Records from a collection
▬▬▬▬▬▬▬▬▬▬

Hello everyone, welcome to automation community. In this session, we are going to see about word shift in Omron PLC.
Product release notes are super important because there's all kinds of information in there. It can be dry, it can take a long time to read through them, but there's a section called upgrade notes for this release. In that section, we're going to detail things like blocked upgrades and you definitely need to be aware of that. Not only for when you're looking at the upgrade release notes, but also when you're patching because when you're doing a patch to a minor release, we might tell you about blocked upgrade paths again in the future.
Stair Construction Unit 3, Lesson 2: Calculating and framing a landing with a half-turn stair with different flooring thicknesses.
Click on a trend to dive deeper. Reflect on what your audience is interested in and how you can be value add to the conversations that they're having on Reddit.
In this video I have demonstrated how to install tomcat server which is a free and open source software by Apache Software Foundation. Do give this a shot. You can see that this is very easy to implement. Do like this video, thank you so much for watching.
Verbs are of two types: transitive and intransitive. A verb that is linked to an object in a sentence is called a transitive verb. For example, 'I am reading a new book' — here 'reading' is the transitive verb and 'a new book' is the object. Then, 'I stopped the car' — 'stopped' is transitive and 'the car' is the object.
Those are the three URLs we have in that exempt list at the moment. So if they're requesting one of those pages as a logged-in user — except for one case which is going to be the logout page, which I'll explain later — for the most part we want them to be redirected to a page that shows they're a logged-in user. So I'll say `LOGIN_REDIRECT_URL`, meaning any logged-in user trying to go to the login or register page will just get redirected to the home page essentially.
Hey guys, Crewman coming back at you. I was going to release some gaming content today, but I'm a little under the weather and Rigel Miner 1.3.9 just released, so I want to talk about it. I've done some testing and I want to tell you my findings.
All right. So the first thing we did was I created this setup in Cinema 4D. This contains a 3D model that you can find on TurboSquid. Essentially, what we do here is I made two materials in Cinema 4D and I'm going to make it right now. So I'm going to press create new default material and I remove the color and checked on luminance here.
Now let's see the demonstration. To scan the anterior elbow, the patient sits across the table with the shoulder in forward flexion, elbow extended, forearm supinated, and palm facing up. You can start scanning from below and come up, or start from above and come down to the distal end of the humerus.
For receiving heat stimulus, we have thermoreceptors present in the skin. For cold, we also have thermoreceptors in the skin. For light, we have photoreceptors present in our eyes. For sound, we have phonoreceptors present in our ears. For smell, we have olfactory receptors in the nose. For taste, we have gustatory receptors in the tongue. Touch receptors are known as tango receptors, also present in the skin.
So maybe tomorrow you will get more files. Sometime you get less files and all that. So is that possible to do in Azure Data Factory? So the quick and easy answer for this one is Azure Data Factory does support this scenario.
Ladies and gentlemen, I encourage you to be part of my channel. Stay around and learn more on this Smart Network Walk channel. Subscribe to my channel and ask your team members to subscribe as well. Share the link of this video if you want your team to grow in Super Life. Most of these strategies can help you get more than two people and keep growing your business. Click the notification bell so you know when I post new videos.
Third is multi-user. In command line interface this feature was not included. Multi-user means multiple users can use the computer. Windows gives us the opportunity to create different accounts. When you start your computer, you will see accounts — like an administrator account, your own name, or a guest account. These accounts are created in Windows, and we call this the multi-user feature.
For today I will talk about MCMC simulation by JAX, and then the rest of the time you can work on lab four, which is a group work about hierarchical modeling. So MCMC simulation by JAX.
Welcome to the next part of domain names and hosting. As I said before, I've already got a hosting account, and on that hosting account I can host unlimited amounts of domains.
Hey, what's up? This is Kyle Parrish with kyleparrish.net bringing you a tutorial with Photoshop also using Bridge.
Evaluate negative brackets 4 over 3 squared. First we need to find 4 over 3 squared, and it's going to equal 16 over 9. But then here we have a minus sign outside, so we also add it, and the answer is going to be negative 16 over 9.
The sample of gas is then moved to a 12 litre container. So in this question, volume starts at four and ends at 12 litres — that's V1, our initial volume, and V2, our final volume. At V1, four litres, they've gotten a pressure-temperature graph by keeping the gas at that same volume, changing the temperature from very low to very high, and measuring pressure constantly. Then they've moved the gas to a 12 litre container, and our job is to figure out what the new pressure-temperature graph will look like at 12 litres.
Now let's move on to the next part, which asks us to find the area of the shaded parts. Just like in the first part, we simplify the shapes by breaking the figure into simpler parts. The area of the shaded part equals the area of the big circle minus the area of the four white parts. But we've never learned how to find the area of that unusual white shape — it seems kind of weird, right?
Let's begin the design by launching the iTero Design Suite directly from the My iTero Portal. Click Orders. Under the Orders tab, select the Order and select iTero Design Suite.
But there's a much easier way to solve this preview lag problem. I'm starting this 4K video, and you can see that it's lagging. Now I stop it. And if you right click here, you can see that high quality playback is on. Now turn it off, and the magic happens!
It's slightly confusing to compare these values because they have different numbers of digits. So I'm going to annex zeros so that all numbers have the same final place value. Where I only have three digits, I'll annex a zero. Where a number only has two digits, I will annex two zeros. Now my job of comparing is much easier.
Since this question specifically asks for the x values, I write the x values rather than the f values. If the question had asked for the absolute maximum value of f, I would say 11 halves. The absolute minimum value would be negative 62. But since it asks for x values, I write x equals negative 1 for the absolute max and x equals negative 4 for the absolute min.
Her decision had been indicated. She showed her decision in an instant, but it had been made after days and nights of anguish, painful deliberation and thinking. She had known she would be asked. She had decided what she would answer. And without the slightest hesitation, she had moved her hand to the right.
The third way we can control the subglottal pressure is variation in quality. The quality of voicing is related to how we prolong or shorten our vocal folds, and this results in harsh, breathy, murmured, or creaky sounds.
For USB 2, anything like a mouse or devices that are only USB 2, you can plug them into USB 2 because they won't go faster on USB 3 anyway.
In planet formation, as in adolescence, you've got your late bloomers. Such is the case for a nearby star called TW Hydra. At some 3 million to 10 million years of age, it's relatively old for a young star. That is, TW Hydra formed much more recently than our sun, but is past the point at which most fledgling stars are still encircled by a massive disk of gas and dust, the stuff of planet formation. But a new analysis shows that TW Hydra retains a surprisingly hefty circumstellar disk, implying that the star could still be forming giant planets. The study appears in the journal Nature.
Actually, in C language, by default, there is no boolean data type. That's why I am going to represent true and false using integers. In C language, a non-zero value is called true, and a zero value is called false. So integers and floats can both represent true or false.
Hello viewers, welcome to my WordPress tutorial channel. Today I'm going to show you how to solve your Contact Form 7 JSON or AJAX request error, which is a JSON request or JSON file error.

▬▬▬▬▬▬▬▬▬▬

▸ **Work required**: An exact copy of the lines above between the line holding "For today I" and the line holding "Evaluate negative brackets", inclusive, is the whole answer.

▸ **Exercise answer**:
For today I will talk about MCMC simulation by JAX, and then the rest of the time you can work on lab four, which is a group work about hierarchical modeling. So MCMC simulation by JAX.
Welcome to the next part of domain names and hosting. As I said before, I've already got a hosting account, and on that hosting account I can host unlimited amounts of domains.
Hey, what's up? This is Kyle Parrish with kyleparrish.net bringing you a tutorial with Photoshop also using Bridge.
Evaluate negative brackets 4 over 3 squared. First we need to find 4 over 3 squared, and it's going to equal 16 over 9. But then here we have a minus sign outside, so we also add it, and the answer is going to be negative 16 over 9.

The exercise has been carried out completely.